Saturday, November 23, 2013

A Change in the Filbuster Rule furthers Partisan Politics

President Obama has made it clear that, when the legislative process fails to advance his agenda, it is his intent to achieve as much of his agenda as possible through executive powers. The Democrats in the Senate have now used the “nuclear option” to break the filibuster rule to allow a simple majority rather than 60 votes to confirm executive nominees and most federal judges. The immediate effect is to allow the Democrats to pack the Washington D.C. Circuit Court of Appeals with three new judges even though there is no pressing need. Administrative and regulatory actions which are challenged are most often adjudicated by this influential court. The appointments are for life.

This will allow for a significant extension of Presidential power.
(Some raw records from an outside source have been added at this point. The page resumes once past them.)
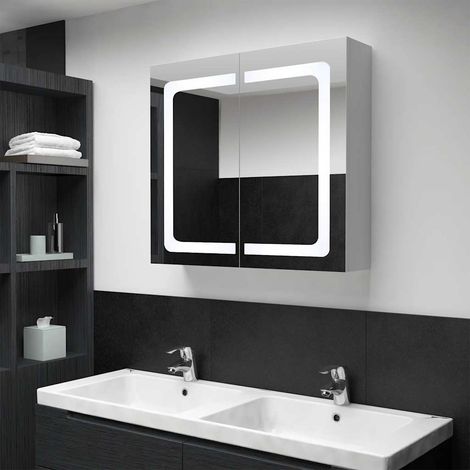 vidaXL Mueble de baño con espejo LED 80x12,2x68 cm (1/5)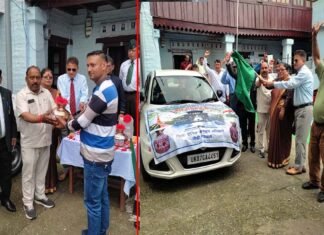 सैन्य धाम के लिए पौड़ी से भेजा गया तीन नदियों का जल, विधायक ने हरी झंडी दिखाकर जल कलश वाहन को किया रवाना military base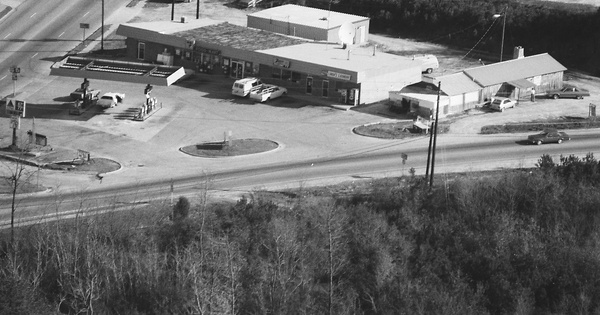 Vintage Aerial photo from 1986 in Barrow County, GA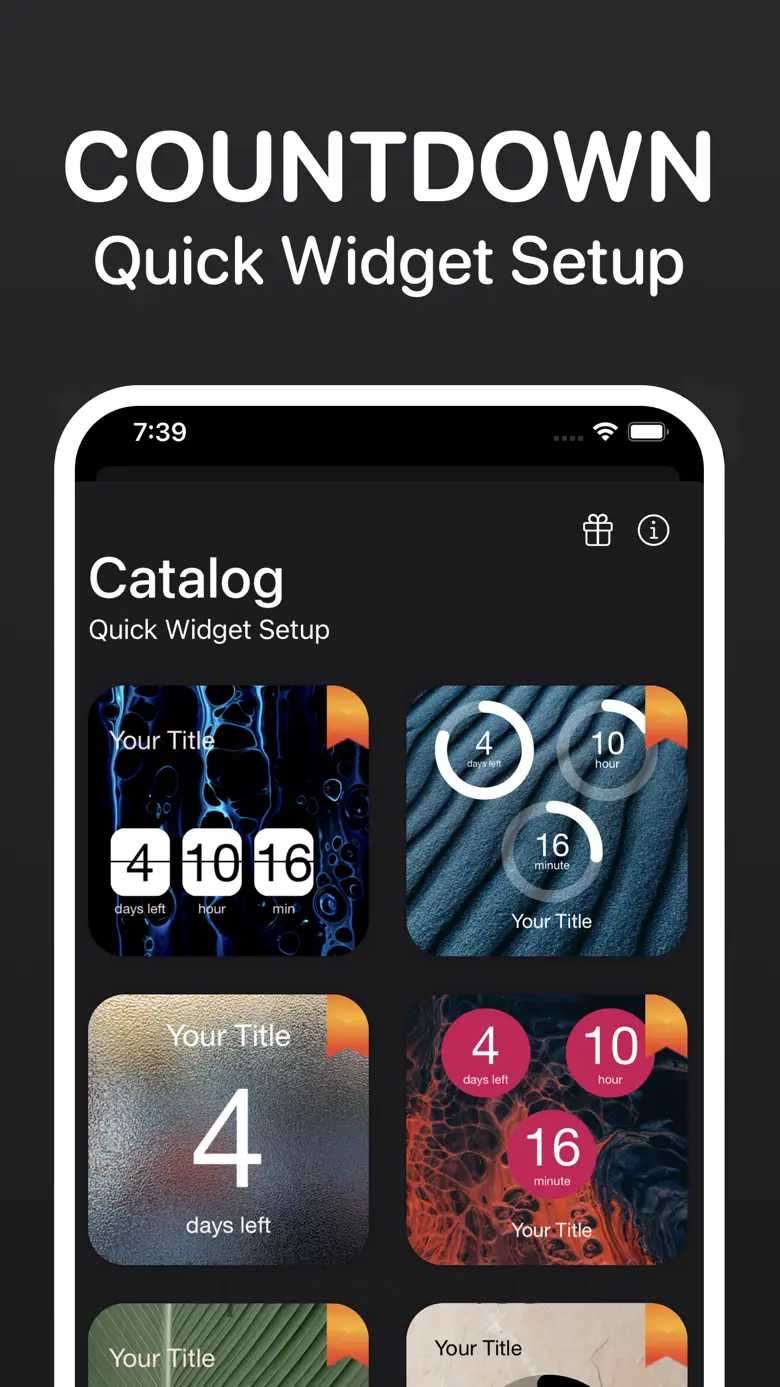 Countdown widget : Day Counter 2.11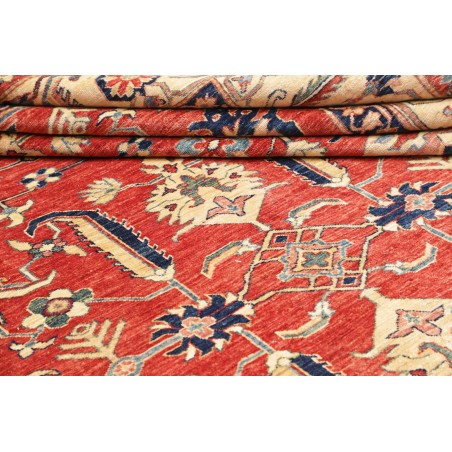 Tappeto Kazak Fine Pakistan marrone rosso 248x322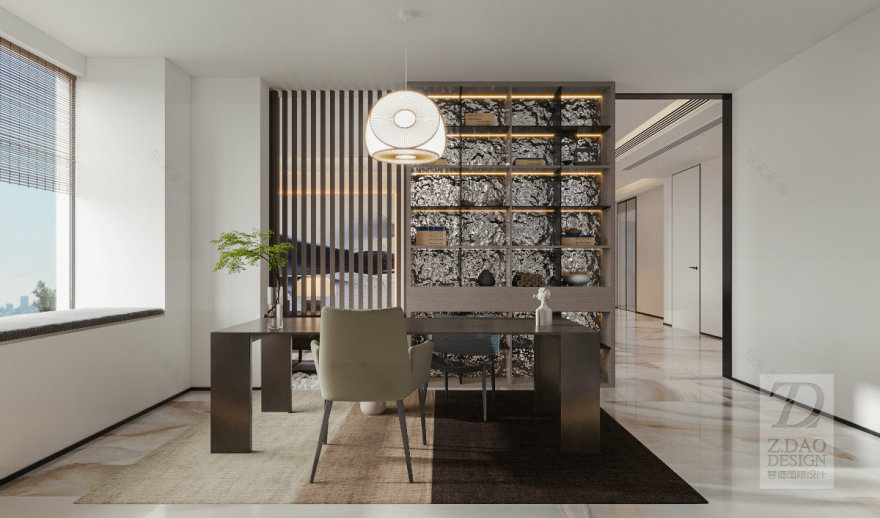 合肥海亮唐宁府 158㎡现代中式复式设计,闲居别庐之美-33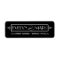 Black Art Deco Wedding Monogram Address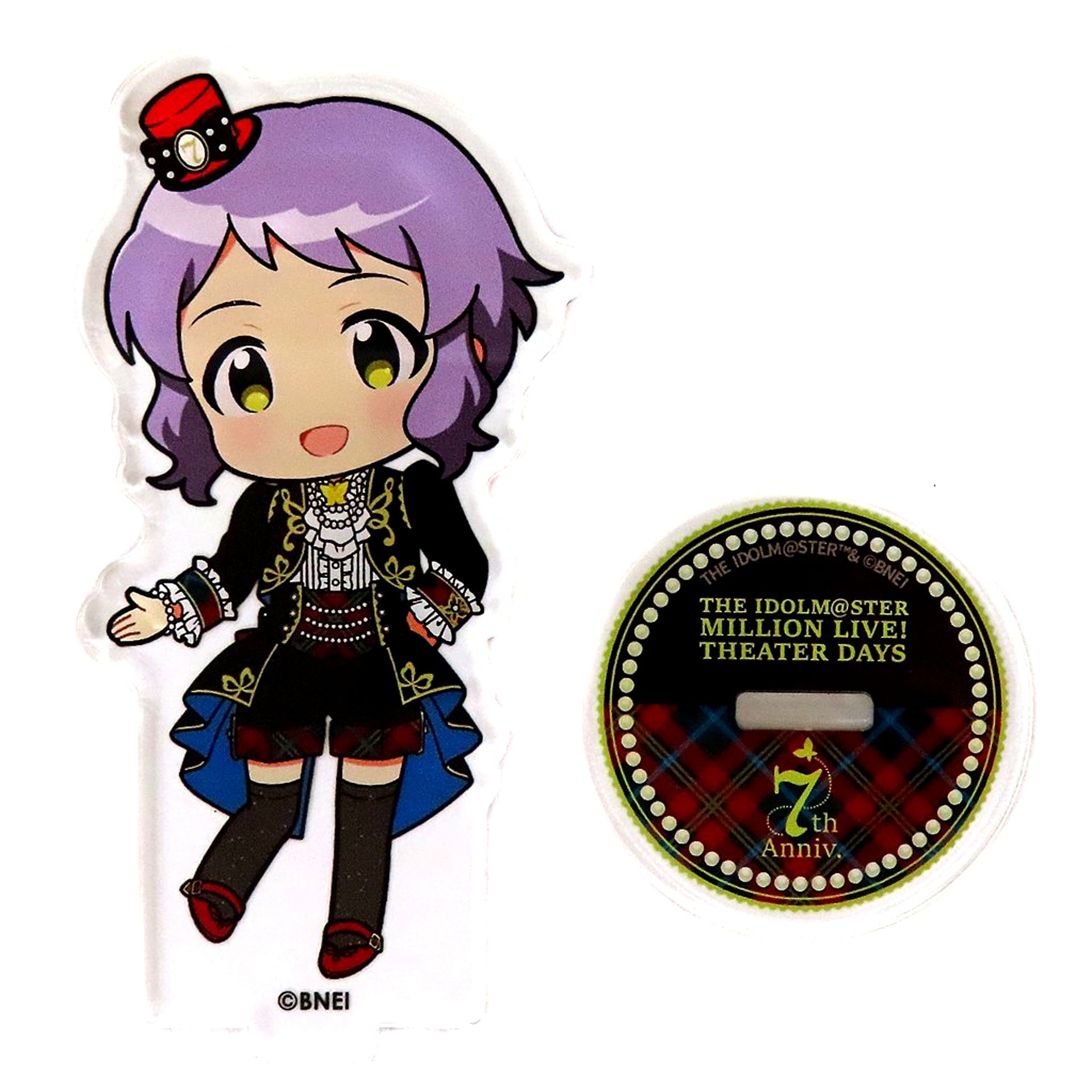 Mizuki Makabe THE IDOLM@STER MILLION LIVE! Chibi Character Acrylic Stand Brightest Showcase Ver. 7th Anniversary in AKIHABARA Akihabarappa Festival [USED]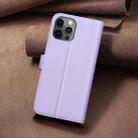 For iPhone 11 Square Texture Leather Phone Case(Purple) - 3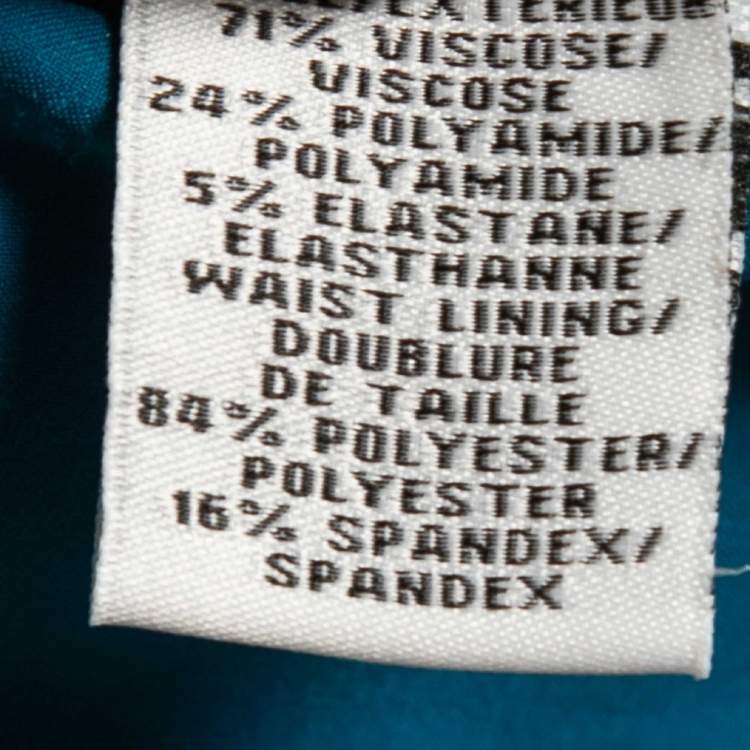 Pre Owned Diane Von Furstenberg Blue Jersey Ruched Bodycon Dress S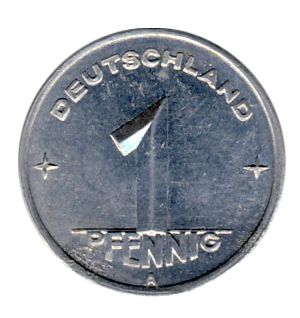 DDR 1948 J.1501 1 Pf Kursmnze Prgesttte: A vz-st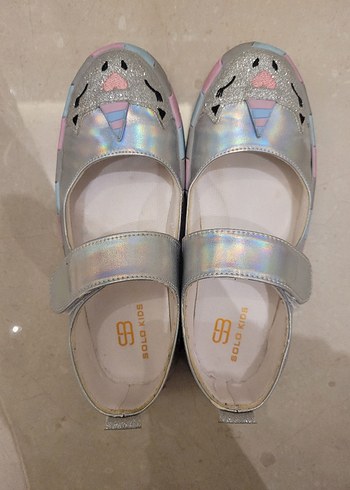 Kız Çocuk Unicorn Desenli Bantlı Babet - Görsel 2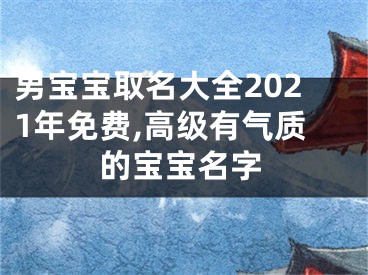 男宝宝取名大全2021年免费,高级有气质的宝宝名字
“... to change the rules in the middle of the game so that they can make all the decisions while the the other party is told to sit down and keep quiet [will] cause the bitterness and gridlock to get worse.”
 - Senator Barack Obama, 2005
The hypocrisy is that both parties in the past have vigorously opposed this option when their party was in the Senate minority. It has always been perceived as a power play by the majority to eliminate the need to seek some greater deliberative collaboration, compromise and consensus which incorporates at least some of the concerns of the minority and the larger community. A group of democrats have made it clear that they would also like to abolish the filibuster for normal legislation in the Senate. The approval rating for Congress cannot be much lower than it already is, but this move toward more partisan legislation only adds to the causes for public cynicism. Senator Obama opposed such a rule change at a time when the Republicans held a majority in the Senate. He said that neither party should “change the rules in the middle of the game so that they can make all the decisions while the the other party is told to sit down and keep quiet” and that such a change would only cause “the bitterness and gridlock to get worse.”

The Nuclear Option Debate Explained in Two Charts
    -- Washington Post

New breed of Senate Democrats drove filibuster change.
    -- Los Angeles Times

James H. Rutherford, M.D.

Thursday, November 7, 2013

Super Majorities Here and Abroad

Congressional redistricting in Ohio is an example of what to expect from unconstrained super majorities here at home. In Ohio, whoever controls at least two-thirds of three state offices is able to control the legislative redistricting process. This almost always results in the party in control maximizing the number and demographically secure districts for itself. This process across much of the nation has resulted in the entrenched positions of both parties and thus much of the gridlock that we see in a divided Congress. When one political party has controlled all of Congress and the Presidency, there also has not been much moderation or collaboration.

When this is the behavior of super majorities in our own country, why should we expect anything different from super majorities abroad. Many Arab nations have a super majority of Muslims in their population. Maldives, for example, has a population which is 95% Muslim and their recent Constitution requires that to be a citizen of Maldives one has to be a Muslim.

The redistricting process in California has thus understandably drawn some attention. First, a law was passed that placed the redrawing of voting districts in the hands of an independent commission. California also did away with party primaries. Instead, everyone runs and votes in a single open primary, with Republicans and Democrats on the same ballot. The top two vote-getters compete in a runoff. The candidates are often thus inclined to reach out to a broader portion of the population to win the elections. Even though the Democrats still control both the Assembly and the Senate in the California legislature, it at least appears that the current legislature has had a tendency to be more moderate.